- Task details
Copy the data exactly. Images are to be left out.
[[ Exercise input, beginning ]]
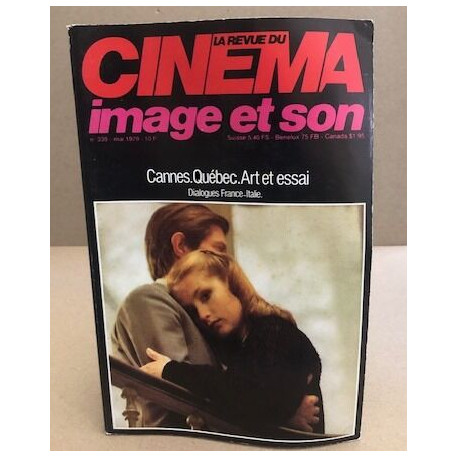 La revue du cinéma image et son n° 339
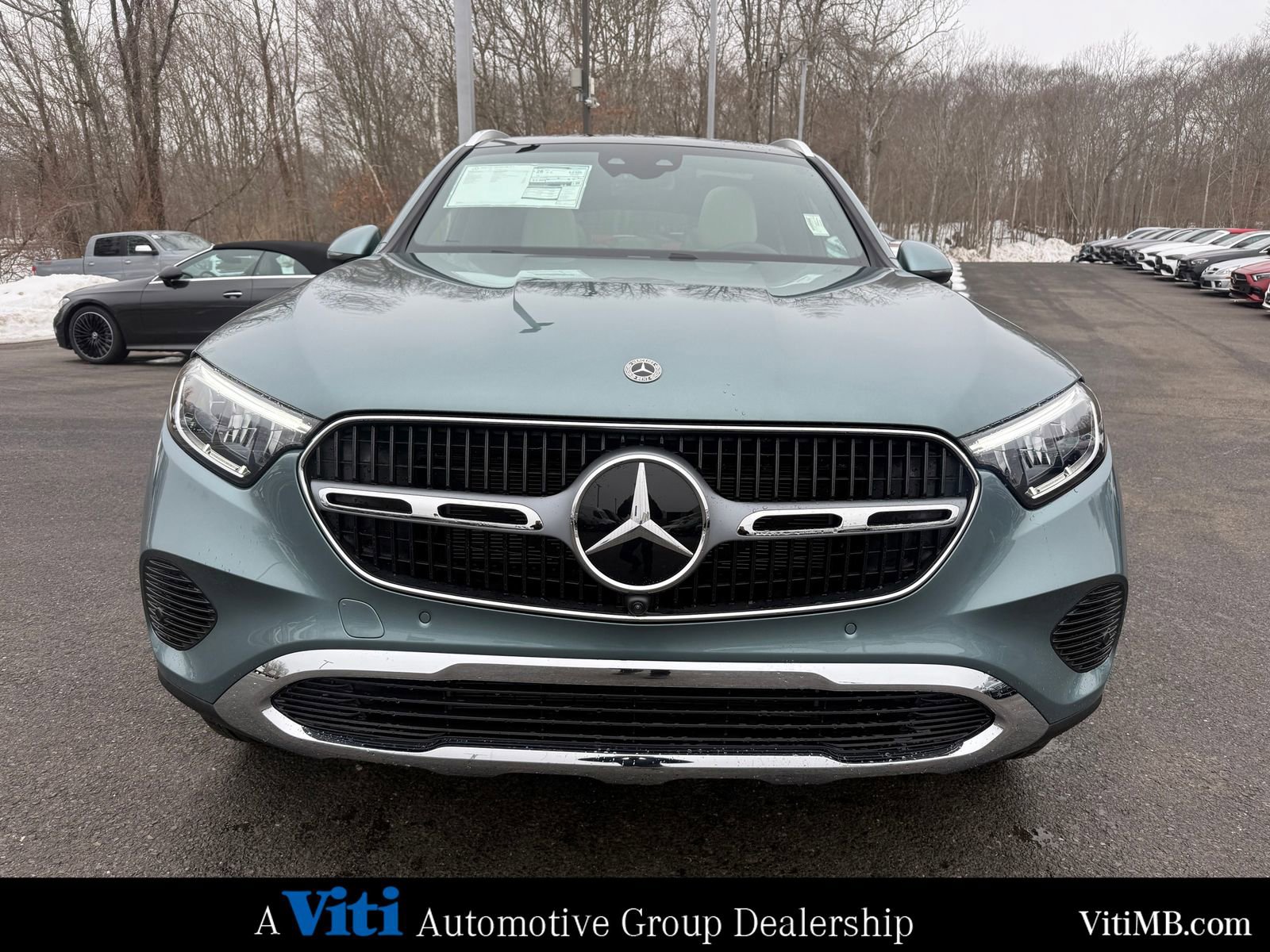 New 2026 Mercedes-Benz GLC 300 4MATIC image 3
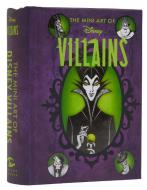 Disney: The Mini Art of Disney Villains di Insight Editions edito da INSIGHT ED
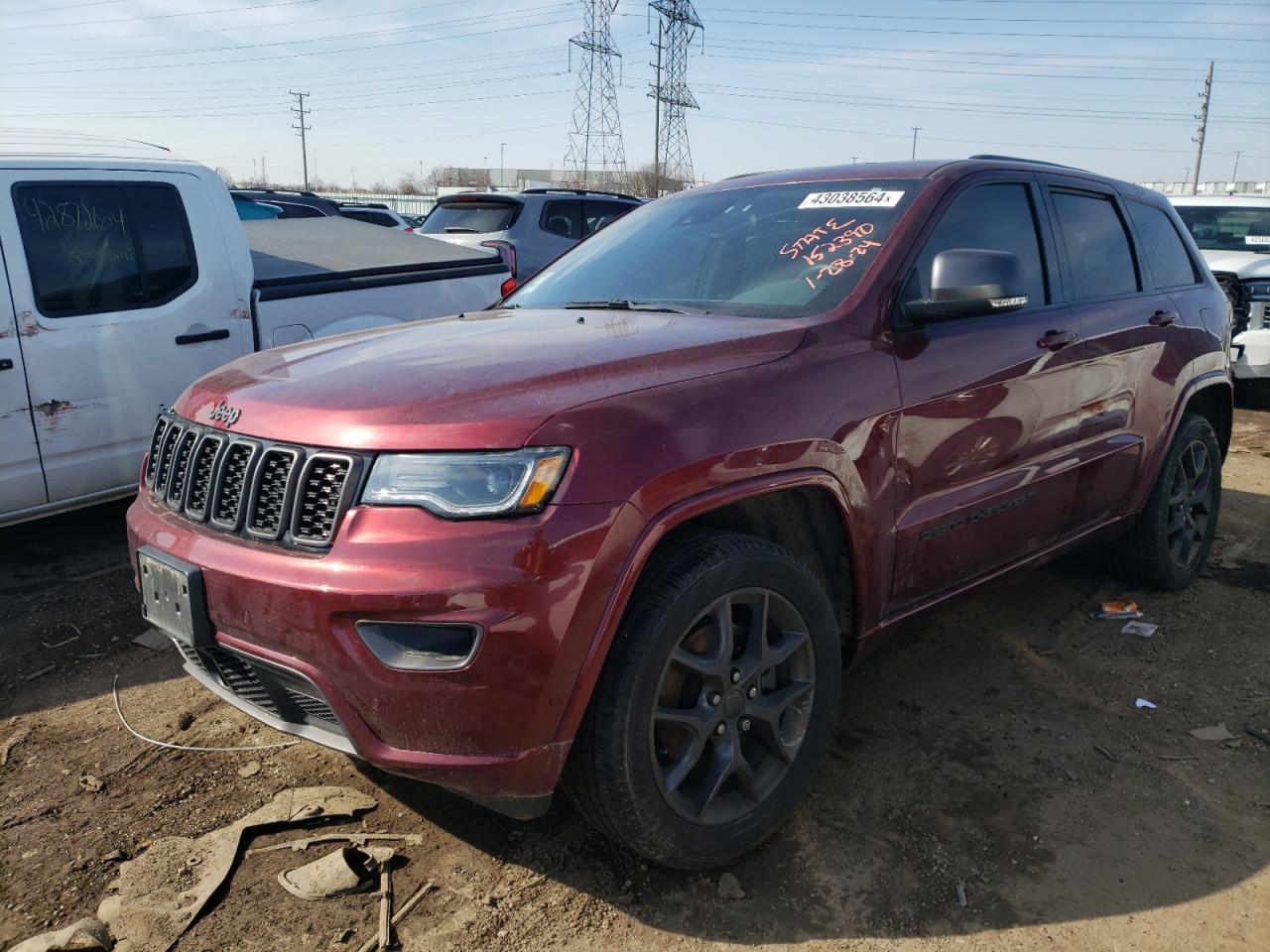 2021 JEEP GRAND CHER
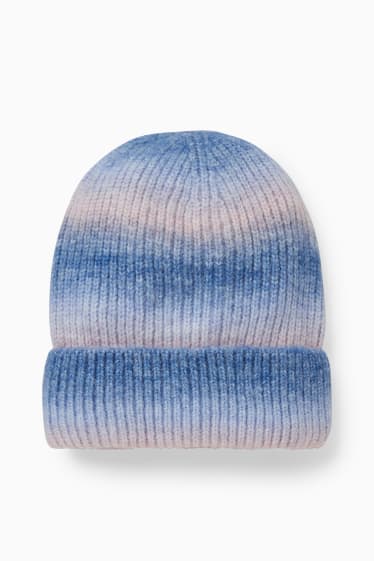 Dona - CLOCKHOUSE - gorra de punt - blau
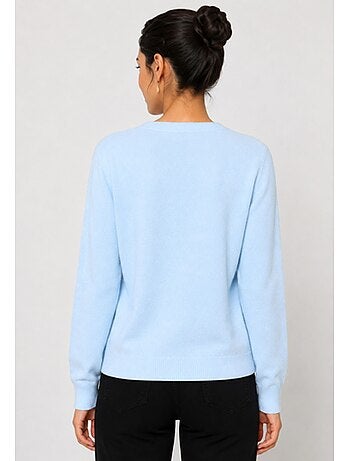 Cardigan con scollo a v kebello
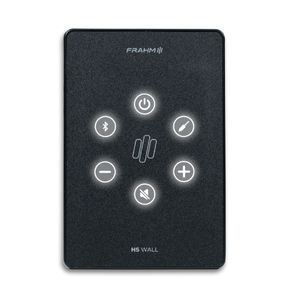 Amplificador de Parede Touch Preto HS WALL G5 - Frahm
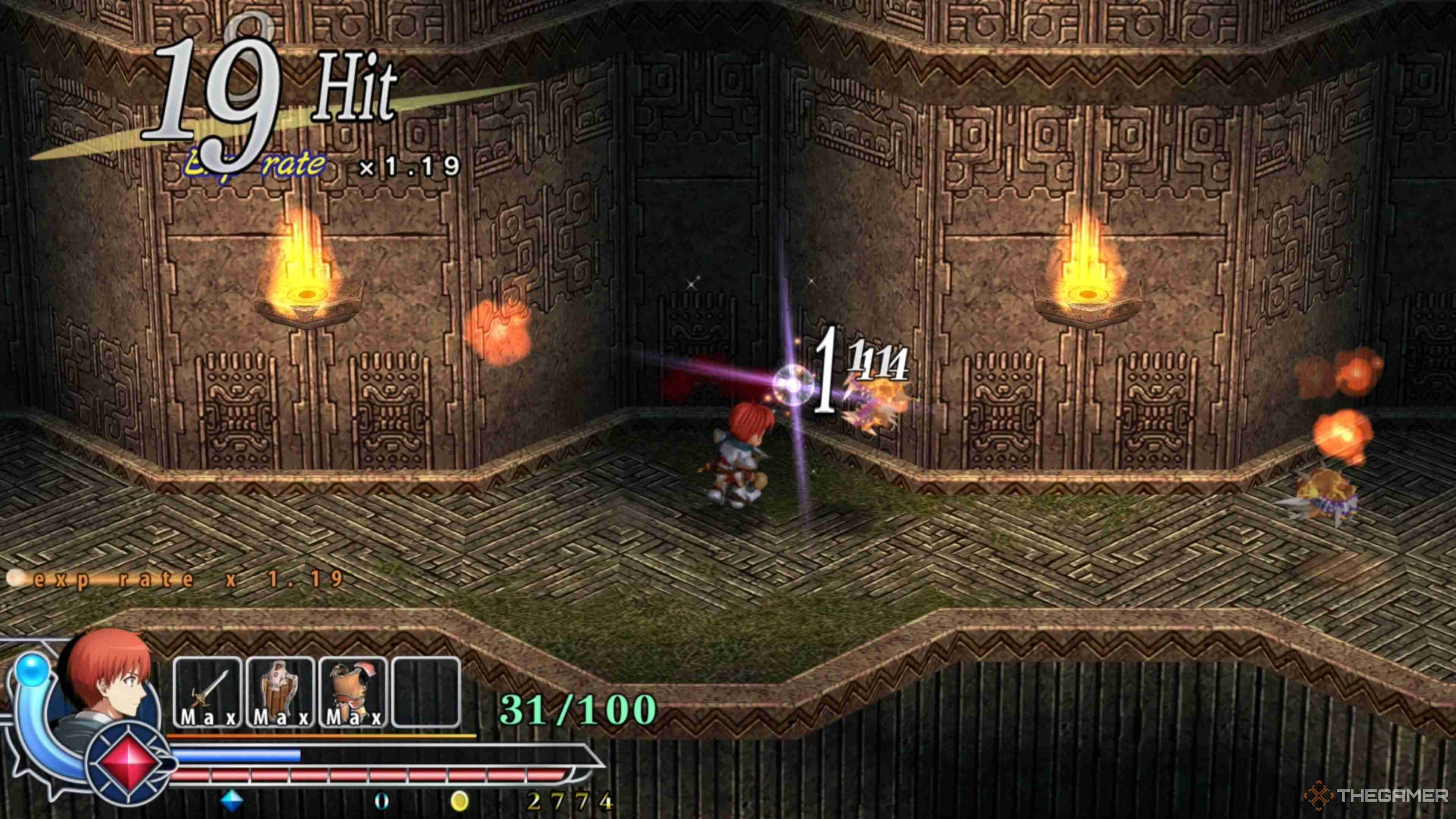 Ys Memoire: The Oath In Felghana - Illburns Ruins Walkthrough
[[ Exercise input, end ]]
- Your solution
 La revue du cinéma image et son n° 339
 New 2026 Mercedes-Benz GLC 300 4MATIC image 3
 Disney: The Mini Art of Disney Villains di Insight Editions edito da INSIGHT ED
 2021 JEEP GRAND CHER
 Dona - CLOCKHOUSE - gorra de punt - blau
 Cardigan con scollo a v kebello
 Amplificador de Parede Touch Preto HS WALL G5 - Frahm
 Ys Memoire: The Oath In Felghana - Illburns Ruins Walkthrough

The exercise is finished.